Scikit-learn estimator tests
scikit-learn
provides a test suite that should ensure the compatibility of estimators.
We use this test suite to test our estimators, too, but have to skip some tests because they use artificial data incompatible
to comparison data. Typically, cblearn
estimators are compatible with scikit-learn
estimators
if comparisons are represented as numpy
arrays. From an API perspective,
comparison arrays look like discrete features and class labels; however, not all discrete features and class labels are valid comparisons.
In the future scikit-learn might simplify the usage of custom data generation routines during the compatibility tests. Otherwise, we might replace those incompatible tests with our own.
All sklearn estimator tests can be skipped with pytest -m "not sklearn
.
Changing Documentation
The documentation is contained in the docs/ folder.
It can be built by running make html
.
Open docs/_build/html/index.html
in a browser to view the local build of the documentation.
The documentation is structured in multiple folders and written as reStructuredText.
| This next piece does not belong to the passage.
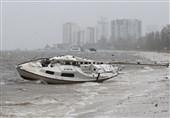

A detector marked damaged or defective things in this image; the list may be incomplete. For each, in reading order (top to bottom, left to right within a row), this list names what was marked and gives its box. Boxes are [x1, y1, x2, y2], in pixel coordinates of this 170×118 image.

damaged vessel [16, 55, 118, 84]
Excursion: Run Github Tests Locally
Instead of running the different tests above independently, it is also possible to run the whole testing workflow, which is used on Github, locally.
Install nektos’ act and then run act -P ubuntu-latest=nektos/act-environments-ubuntu:18.04-full
act uses docker images with preinstalled software to provide almost the same test environment as Github. If it is not yet so, you have to install docker and, optionally, make it accessible for non-root users.
Note
The docker image requires about 18 GB disk space. The first start of act might take some time, because it downloads about 12 GB of image files.
Publish Changes
Most contributions will change files in the code or the documentation directory, as described in the
sections below. Commit your changes to a separate git branch (do not commit to master
).
After changing, push this branch to Github and open a pull request to the master
branch there.
Once the request is opened, automated tests are run.
If these tests indicate a problem, you can fix this problem on your branch and push again.
Once the automated tests are successful, maintainers of cblearn
will review the changes and provide feedback.
Usually, after some iterations, your changes will be merged into the main
branch.
Versions should be semantic and follow PIP440: The version indicates major.minor.fix
;
breaking changes are just allowed with major version steps.
A Github release tag indicates a new version, which triggers a continuous deployment to PyPI via Github Actions.